Gewöhnliche Tapezierspinne (Atypus affinis)
Die einzigen Vogelspinnenverwandten Mitteleuropas sind die drei Arten der Gattung Atypus, von denen die Gewöhnliche Tapezierspinne (A. affinis) die häufigste und am weitesten nördlich verbreitete ist. Erkennbar sind sie an den nach vorn gerichteten Kieferklauen (orthognathe Cheliceren) aus, während die der Echten Webspinnen senkrecht nach unten gestellt sind.
Die Tapezierspinne lebt in trockenen, sandigen, oft hängigen Calluna- und Ginster-Heiden, meistens mit Kiefer und Eiche locker bewaldeten Habitaten; das Areal umfasst das gemäßigte Europa von Südskandinavien bis nach Nordafrika und vom Atlantik bis in die Ukraine. Die beiden anderen Arten, A. piceus und A. muralis, bevorzugen kontinentaleres Klima und sind auf eine ständige Offenhaltung ihrer Habitate, etwa durch Beweidung, angewiesen. Während deren Bestände durch Sukzession und durch die Versauerung der Landschaft gefährdet sind, scheint sich A. affinis davon eher unbeeindruckt zu zeigen. In der aktuellen Roten Liste (2016) wird eine Vorwarnung ausgesprochen; damit hat sich ihr Gefährdungsstatus verbessert (vormals gefährdet).
Das Weibchen gräbt eine bis zu 50 cm tiefe Röhre in den locker-sandigen Boden, die innen mit Seide ausgekleidet – „tapeziert“ – wird. Oberirdisch endet die Röhre in einem ca. 10-15 cm langen, fingerdicken Fangschlauch, der außen mit Bodenpartikeln gut getarnt wird und der zwischen der Bodenstreu nur sehr schwer auszumachen ist. Nachts hält sich die Spinne in diesem Teil des Schlauchs auf und lauert auf kleine Gliederfüßer, die sie nach der Berührung des Schlauches blitzartig ergreift und in die Röhre zerrt. Anschließend flickt sie das Loch wieder. Auf den ersten Blick mag die Fangmethode nicht sonderlich effizient erscheinen, sie kann aber als eine besondere Anpassung an das Leben und den Beutefang unter einer Schneedecke gedeutet werden.

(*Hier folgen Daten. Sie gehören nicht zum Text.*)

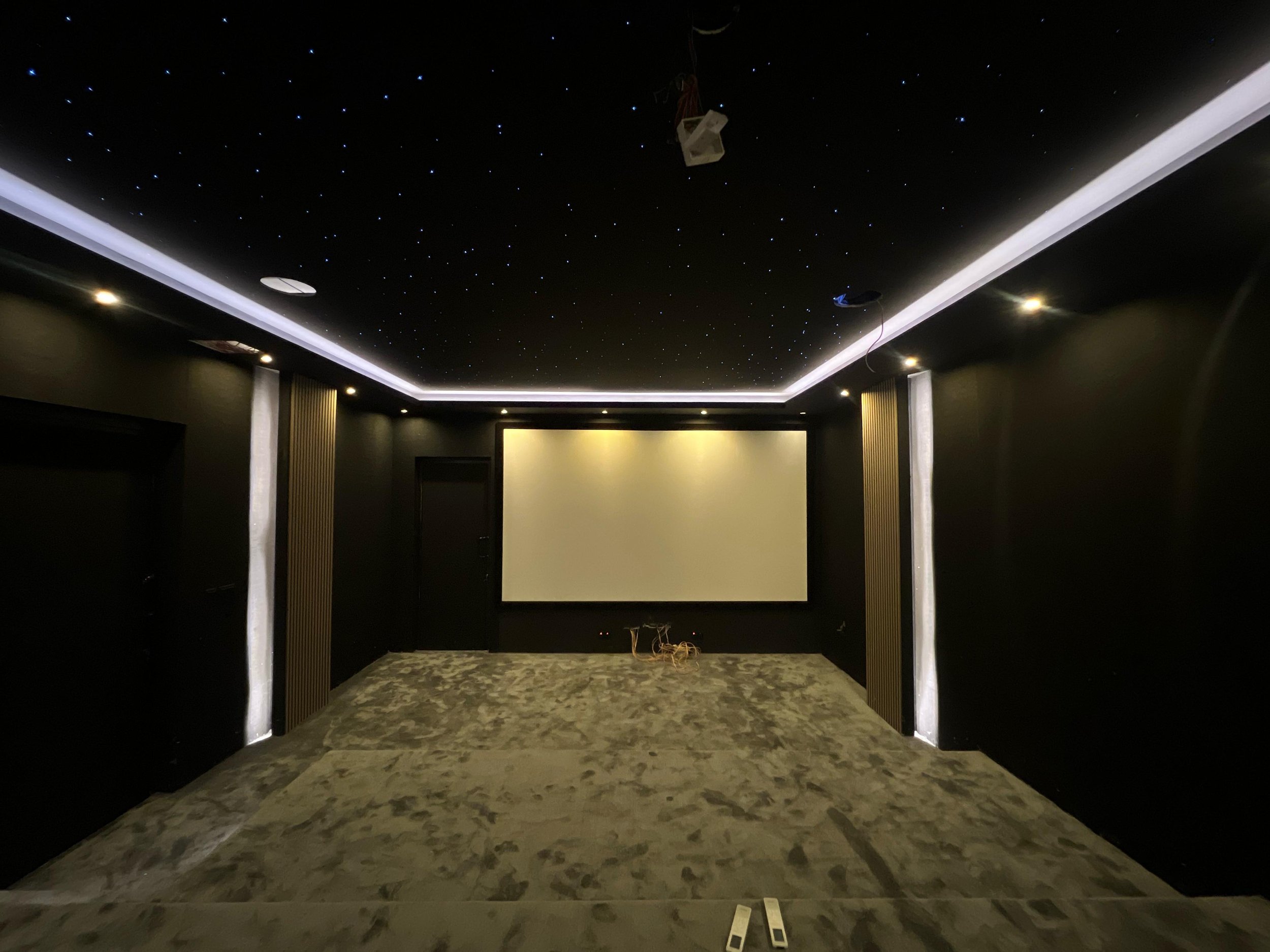 The ceiling is decorated with small star-like LED lights and has a moon-shaped light fixture. The walls are dark-colored with light-colored vertical panels. The room appears to be under construction or renovation, with exposed wiring and construction materials on the floor.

Die Seide ist antibakteriell und verfault nicht, man kann sie unversehrt noch Jahrzehnte später am Ort ihrer Entstehung finden.
Das Weibchen verlässt die Röhre zeitlebens nicht, Männchen findet man gelegentlich, wenn sie auf der Suche nach einer Geschlechtspartnerin sind. Beide Geschlechter werden meistens im dritten Lebensjahr reif, bis dahin bauen auch die Männchen noch Röhren und „tapezieren“ sie. Weibchen können bis zu 10 Jahre alt werden, Männchen sterben deutlich früher, oft nach der ersten (und damit einzigen) Paarung, werden aber vom Weibchen nicht getötet oder gefressen. Die Paarung findet in der Röhre des Weibchens statt, bei der Gewöhnlichen Tapezierspinne im Frühjahr und/oder im Herbst, bei den anderen beiden Arten im Hochsommer. Auch bei der Paarung im Herbst legt die Spinne die Eier erst im folgenden Sommer und verspinnt sie in einem Kokon im Innern der Röhre. Es folgt noch eine Überwinterung, nach der die Jungspinnen im zweiten Häutungsstadium die mütterliche Röhre verlassen und sich auf die Suche nach geeigneten Plätzen für eigene Röhren zu begeben.
Das fast erwachsene Weibchen fand ich auf den Altwarper Binnendünen, nahm es mit zur Bestimmung (d.h. zur Unterscheidung von der Pechschwarzen Tapezierspinne A. piceus, die in M-V bislang nur auf der Greifswalder Oie gefunden wurde) und zum Fotografieren. Das Bild ist durch das Stacking von 20 Einzelbildern entstanden. Nach dem ersten Fund für dieses Gebiet haben die Mitarbeiter der dortigen Naturpark-Verwaltung bei der Nachsuche etwa 150 Fangschläuche gefunden.